Member of Parliament for Downpatrick
- In office 1835–1841

Member of Parliament for Athlone
- In office 1820–1826

Personal details
- Born: c. 1778
- Died: 30 December 1844 (aged 65–66)
- Party: Tory
- Spouse: Selina Stewart ​(m. 1814)​
- Children: Richard and David
- Relatives: Robert Stewart (father-in-law) Robert Stewart (brother-in-law) John Waring Maxwell (brother-in-law)
- Education: Christ Church, Oxford

= David Guardi Ker =

Irish politician

David Guardi Ker (c. 1778 – 30 December 1844) was an Irish landowner and politician, who represented Athlone in Parliament, 1820–26, and Downpatrick, 1835–41.

==Biography==
Ker was born circa 1778, the son of David Ker, a landowner in County Down, and his wife Maddalena Guardi. A family tradition identified her as a Venetian singer, daughter of the artist Francesco Guardi, whom Ker's father had met and eloped with whilst on the Grand Tour. His father's brother, Richard Gervas Ker, was MP for Newport in 1802–06. He was educated at Eton College, Christ Church, Oxford, and the Inner Temple. In 1814 he married Lady Selina Stewart (1786–1871), daughter of Robert Stewart, 1st Marquess of Londonderry and sister of Robert Stewart, Viscount Castlereagh.
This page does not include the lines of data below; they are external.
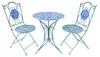Bistro Sitzgruppe Metall blau Tisch mit 2 Stühlen Balkon Produktbild-Vorschau 2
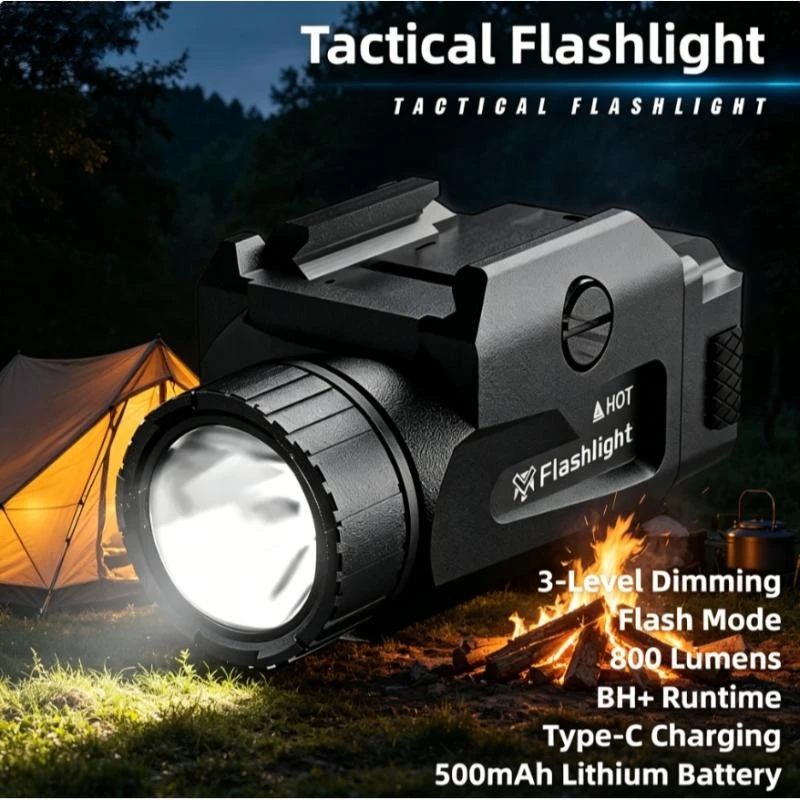800LM High Power Tactical LED Light 4 Lighting Modes USB Charging Quick Mount Picatinny Rail Sport Gear
800LM High Power Tactical LED Light 4 Lighting Modes USB Charging Quick Mount Picatinny Rail Sport Gear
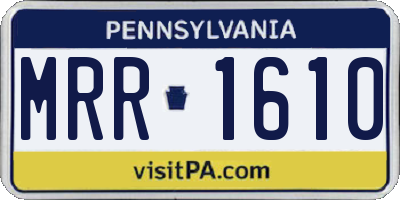 PA license plate MRR1610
Ker was keen to enter Parliament at the 1820 general election, but supported his brother-in-law John Waring Maxwell for the candidacy at Downpatrick, where he had been expected to stand. He was returned shortly afterwards at a by-election in Athlone as a Tory. He stood down at the 1826 general election to make way for Richard Handcock, a nephew of Lord Castlemaine, the patron of the seat. He had supported the government, but remained neutral on Catholic relief.

In the 1835 general election he was returned unopposed for Downpatrick, where his family's estates were concentrated, and held the seat until he stood down at the 1841 general election.

Ker died in December 1844. Both of his two sons became Members of Parliament for Downpatrick; Richard Ker in 1847-51 and 1857–59, and David Stewart Ker in 1859–67.